Frescobaldi Consort ‘Fa dolce Melodia’
2 februari 2003, Lutherse Kerk, Hamburgerstraat, Utrecht
Genre: Barok
Componisten/uitvoerenden: Antonio Bertali | Biagio Marini | Dario Castello | Girolamo Frescobaldi | Heinrich Ignaz Franz von Biber
Opnametechniek: Fokke de Boer
Wij hebben Sweelinck, Italië heeft Frescobaldi. Van twee kanten bouwden zijn een traditie op.
Wat zou het leuk zijn hè, als Nederland en Italië nog eens een verbeten strijd gingen uitvoeren wie er nou eigenlijk de vader van de klaviermuziek is, Sweelinck of Frescobaldi. Verhitte polemieken, uitgebreide artikelen waarin het eigen gelijk wordt gehaald, en in het spoor daarvan een hele sloot aan Nederlanders en Italianen die in hun chauvinistische ijver deze oude zeventiende-eeuwse muziek gaan opzoeken en zelf leren spelen…
Maar nee, in die tijd leven we niet meer. Wij zijn nuchter genoeg om te erkennen dat Sweelinck en Frescobaldi allebei op hun eigen manier onmisbaar waren voor de barokke klaviermuziek.
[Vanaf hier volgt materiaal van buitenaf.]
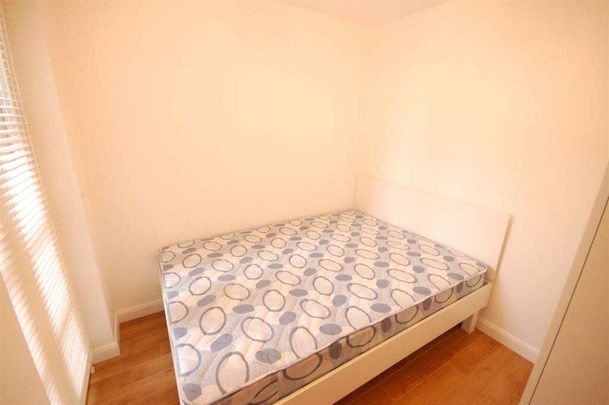 A one bedroom ground floor apartment to rent, with kitchen, bedroom, shower room and a garden. - Photo 1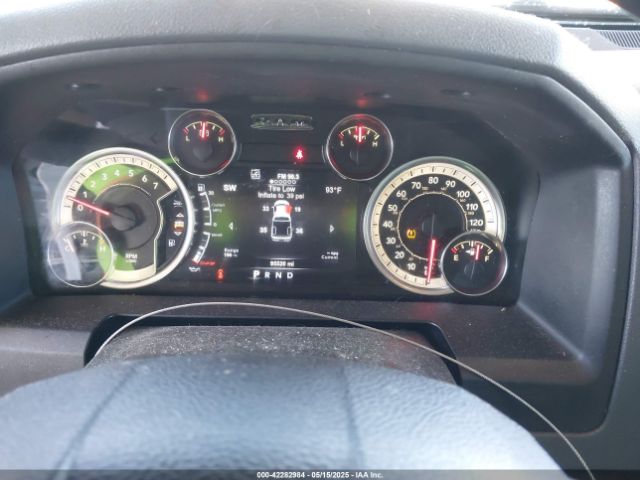 1C6RR6GT8HS790719 RAM 1500 Big Horn  4x2 6'4 Box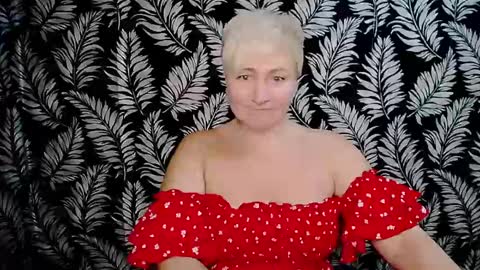 Snapshot of oliviaoskar_ chatting on 12-15-24, 02:48 Kelly online show from 12-15-24, 02:48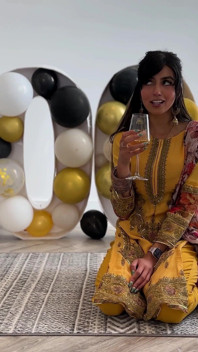 Aaliyah Yasin fica com tesão enquanto espera por seus convidados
Sweelinck stichtte de Noord-Duitse orgelschool, Frescobaldi bracht in Italië en Zuid-Duitsland. Allebei waren ze werkzaam aan het begin van de zeventiende eeuw, de tijd waarin instrumentale muziek steeds meer geaccepteerd werd. Dat merken we wel aan de vele tijdgenoten van hem die we hier horen. Deels gewoon collega’s, deels navolgers.
Tegen het einde van het concert horen we ook de beroemde chaconne voor viool solo van Biber. Deze Zuid-Duitser was bijna een eeuw later actief. In zijn muziek horen we tot welke hoogten de instrumentale muziek, mede dankzij Frescobaldi, intussen gegroeid is.